> **SUPPLIED INFORMATION**
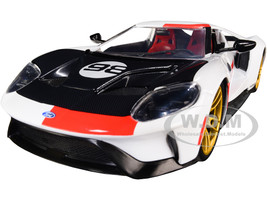 2021 Ford Gt #98 White Heritage Edition Bigtime Muscle Series 1/24 Diecast Model Car Jada 32700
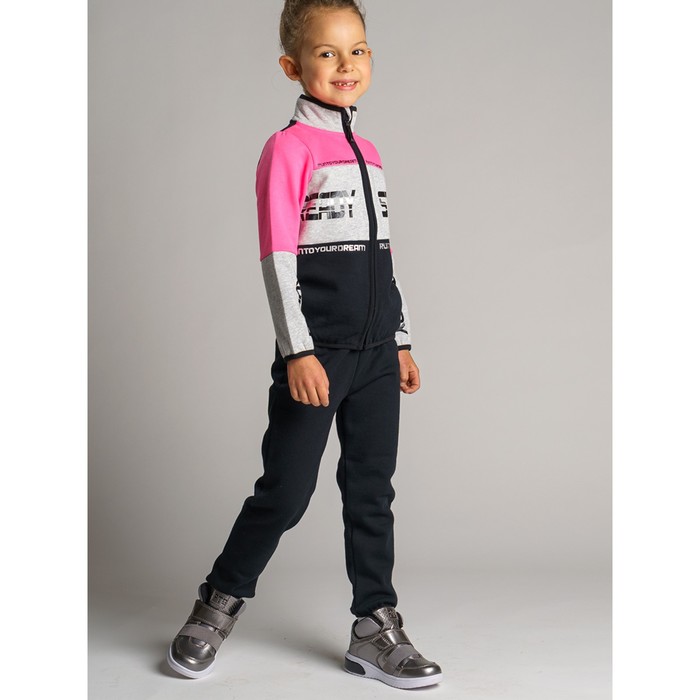 фото Спортивный костюм в неоновых цветах для девочки, рост 104 см playtoday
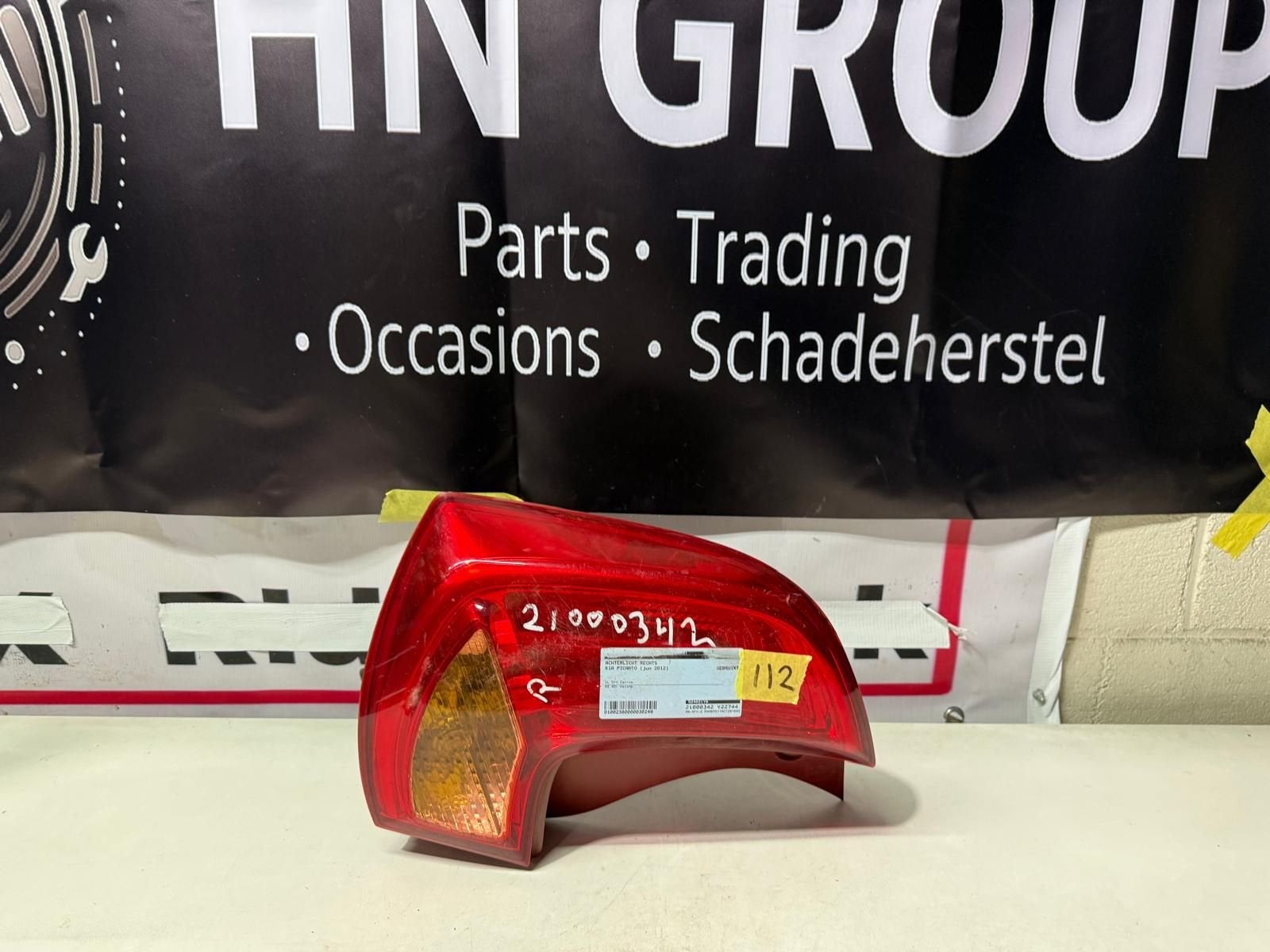 KIA Picanto achterlicht, Auto-onderdelen, Verlichting, Gebruikt, Ophalen of Verzenden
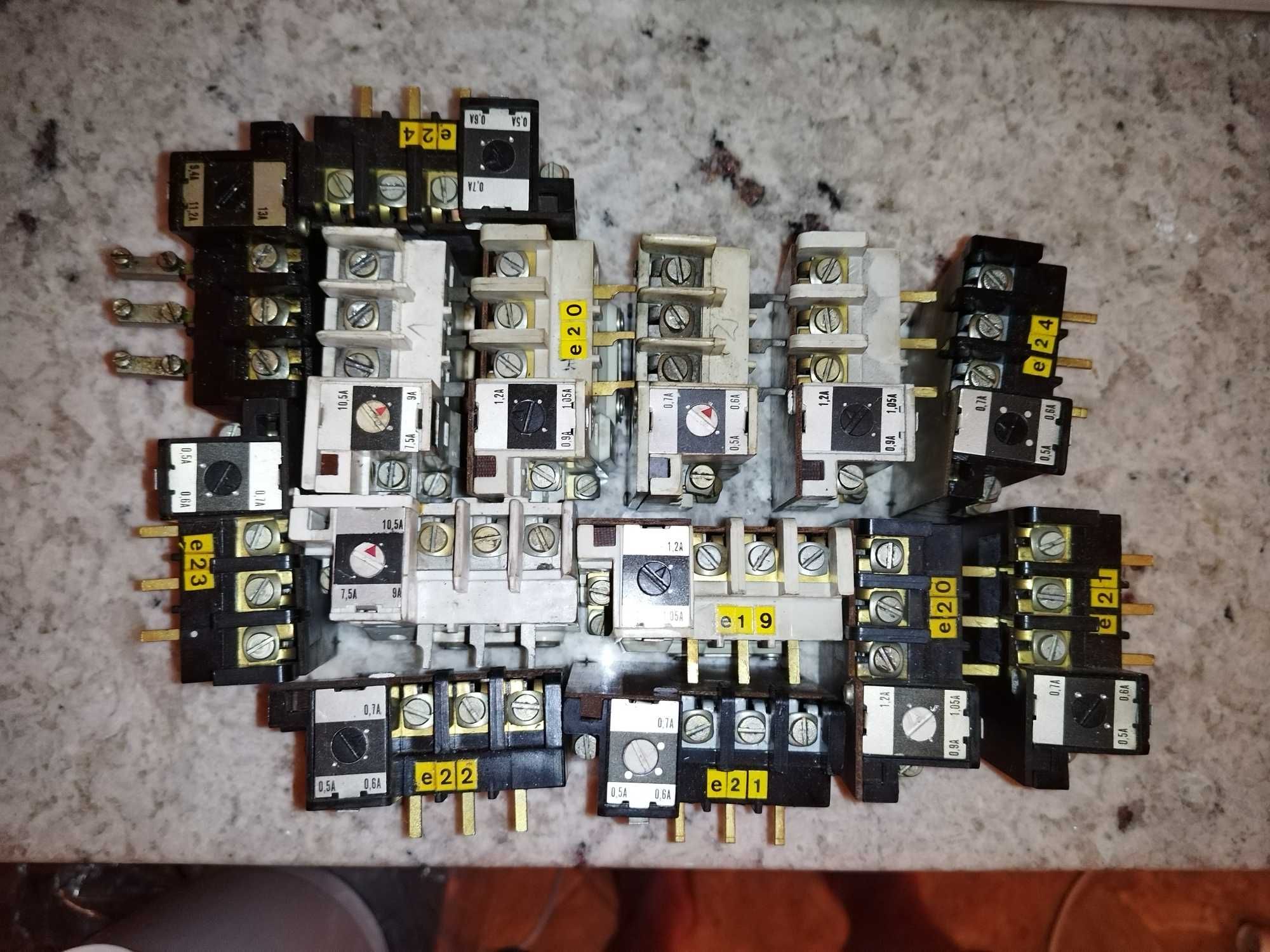 14 szt zabezpieczenia termiczne FAEL PSM-1 i P-16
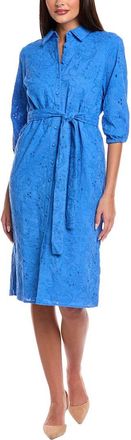 T Tahari Floral Embroidered Dress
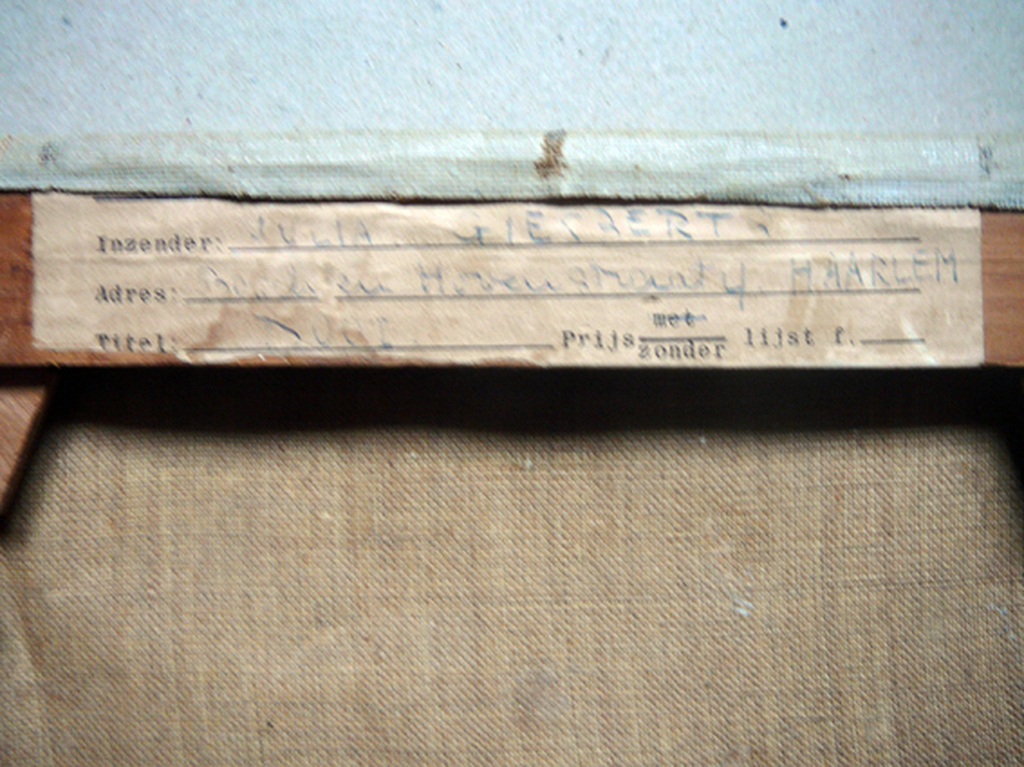 Julia Giesberts: 'Dooi' -olieverf circa 1935- kopen? Bied vanaf 60!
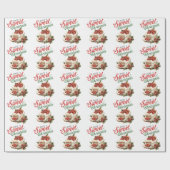 stijl hebben een zoete kersttaart cadeaupapier (Vlak)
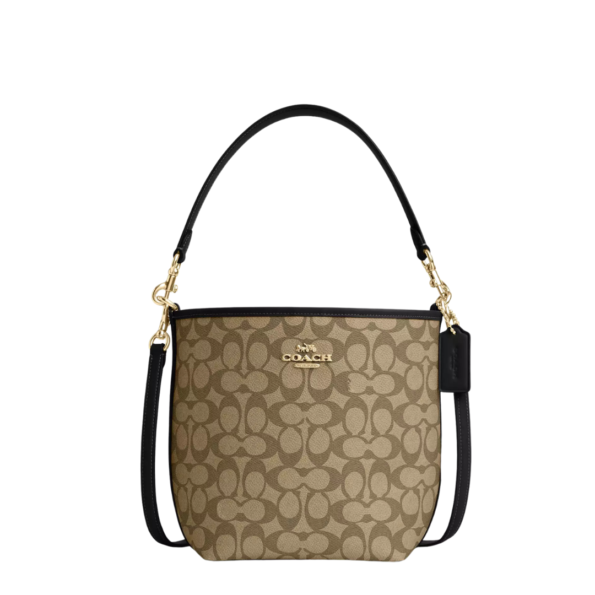 coach city bucket kahve siyah 1
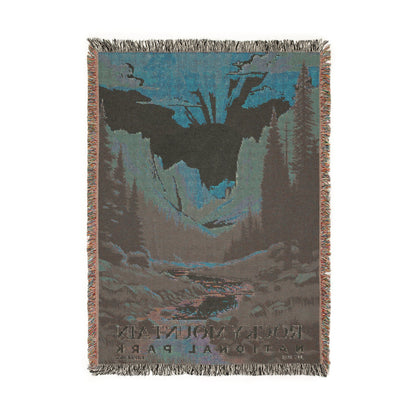 Rocky Mountain National Park Woven Blanket | S05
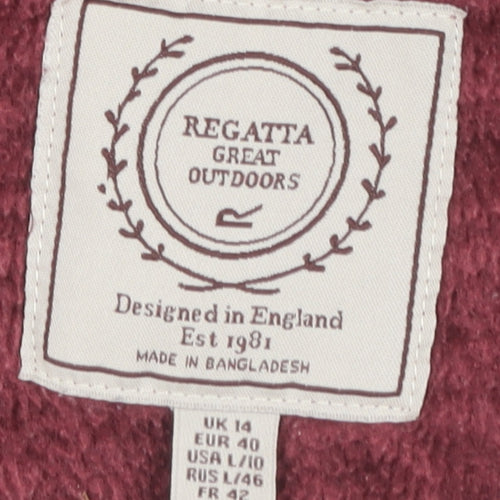Regatta Women's Maroon Hoodie UK 14 Polyester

> **WORK ITEM**
In the listing above, retype exactly, and only, the lines from the one containing "T Tahari Floral Embroidered Dress" through the last line, both included. Omit the pictures.

> **TASK ANSWER**
 T Tahari Floral Embroidered Dress
 Julia Giesberts: 'Dooi' -olieverf circa 1935- kopen? Bied vanaf 60!
 stijl hebben een zoete kersttaart cadeaupapier (Vlak)
 coach city bucket kahve siyah 1
 Rocky Mountain National Park Woven Blanket | S05
Regatta Women's Maroon Hoodie UK 14 Polyester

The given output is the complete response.